Hill Katherine A, Peters John J, Schaefer Sara M
Yale School of Medicine, New Haven, CT, USA.
Section of Neurology, Yale School of Medicine, New Haven, CT, USA.
Acute Crit Care. 2023 Nov;38(4):509-512. doi: 10.4266/acc.2021.01452. Epub 2022 Mar 24.
Myoclonic status epilepticus (MSE) is a sign of severe neurologic injury in cardiac arrest patients. To our knowledge, MSE has not been described as a result of prolonged hyperpyrexia. A 56-yearold man with coronavirus disease 2019 presented with acute respiratory distress syndrome, septic/hypovolemic shock, and presumed community-acquired pneumonia. Five days after presentation, he developed a sustained fever of 42.1°C that did not respond to acetaminophen or ice water gastric lavage. After several hours, he was placed on surface cooling. Three hours after fever resolution, new multifocal myoclonus was noted in the patient's arms and trunk. Electroencephalography showed midline spikes consistent with MSE, which resolved with 40 mg/kg of levetiracetam. This case demonstrates that severe hyperthermia can cause cortical injury significant enough to trigger MSE and should be treated emergently using the most aggressive measures available. Providers should have a low threshold for electroencephalography in intubated patients with a recent history of hyperpyrexia.

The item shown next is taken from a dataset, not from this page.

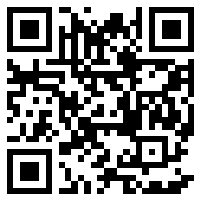 QR Code for 1LRLATDoLFw4Tsjwzu8Sh3kdRNPUcXFPAy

肌阵挛性癫痫持续状态(MSE)是心脏骤停患者严重神经损伤的一种表现。据我们所知,尚未有因长时间高热导致MSE的相关描述。一名56岁的2019冠状病毒病男性患者出现急性呼吸窘迫综合征、感染性/低血容量性休克及疑似社区获得性肺炎。就诊5天后,他出现持续发热,体温达42.1°C,对乙酰氨基酚或冰水洗胃均无反应。数小时后,对其进行体表降温。体温恢复正常3小时后,发现患者手臂和躯干出现新的多灶性肌阵挛。脑电图显示中线棘波,符合MSE表现,静脉注射40mg/kg左乙拉西坦后症状缓解。该病例表明,严重高热可导致足以引发MSE的皮质损伤,应采用最积极的措施进行紧急治疗。对于近期有高热病史的插管患者,临床医生应降低脑电图检查的阈值。